T&Cs

ENDOMOBIL,
OUR T&Cs

The General Terms and Conditions (T&Cs for short) control the legal relationship between ENDOMOBIL GmbH and the customer. They form the legal basis of a business relationship.
There are also general T&C‘s for our rental equipment, click here to download.

1. Subject of regulation and contract components

1.1 These General Terms and Conditions of ENDOMOBIL GmbH (hereinafter: "ENDOMOBIL") apply to all contracts for sales, service and repair work (hereinafter: "Individual Contracts") between ENDOMOBIL and its contractual partners (hereinafter: "Customer").

1.2 ENDOMOBIL's services and offers are aimed exclusively at entrepreneurs within the meaning of § 14 BGB (German Civil Code).


2. Subject matter of the contract

2.1 The subject matter of the contract is exclusively the services of ENDOMOBIL specified in the Individual Contract. ENDOMOBIL reserves the right to perform services through vicarious agents.

2.2 ENDOMOBIL's General Terms and Conditions shall apply exclusively. These shall also apply to all future Individual Contracts between ENDOMOBIL and the Client.

2.3 General terms and conditions of the Customer shall not apply, even if ENDOMOBIL does not separately object to their validity. Deviating or contradictory terms and conditions shall therefore only apply if ENDOMOBIL has recognized them in writing.


3. Repair services

3.1 The Customer is aware that ENDOMOBIL uses original new and used spare parts as well as rebuilt spare parts to carry out repairs.

3.2 Information on repair times is based on estimates and is therefore not binding.

3.3 The Customer may only demand a binding repair deadline once the scope of the work has been precisely determined and subject to our own correct and timely delivery. In the case of additional and extension orders placed at a later date or in the case of necessary additional repair work, the agreed repair period shall be extended accordingly. This shall also apply if such circumstances occur after ENDOMOBIL is in default.

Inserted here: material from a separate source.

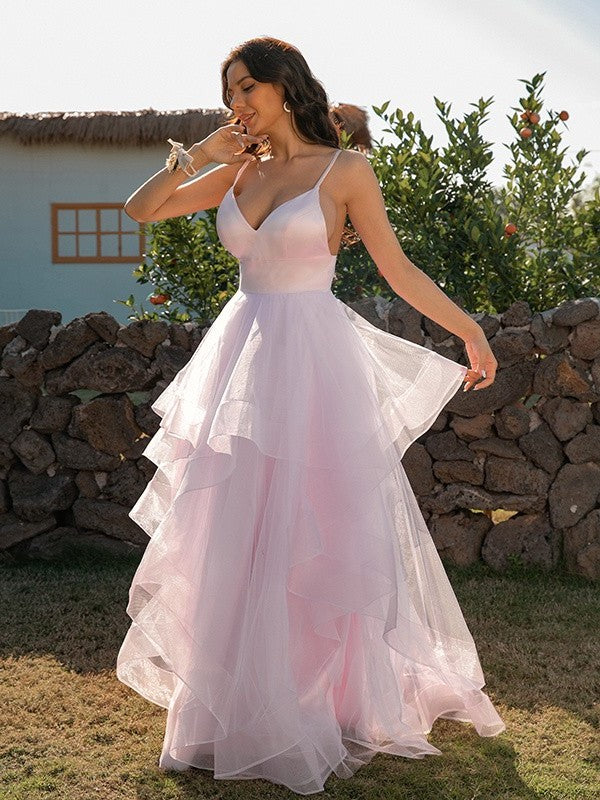 Ruffles Tulle A-Line/Princess V-neck Sleeveless Floor-Length Dresses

4. Return of unrepaired devices

4.1 If the Customer does not place a repair order after receiving the cost estimate or after receiving information that a spare part is not in stock and the repair may be delayed as a result, the device will be returned to the Customer free of charge. The following applies:

  • If the device is received by ENDOMOBIL in assembled condition, it will be returned as it was received by ENDOMOBIL, but without the bending rubber.
  • If the device is received by ENDOMOBIL in a disassembled state, ENDOMOBIL will assemble the device to the extent necessary for the preparation of a cost estimate and return it to the Customer in an assembled state, whereby the functionality of the device will not be restored.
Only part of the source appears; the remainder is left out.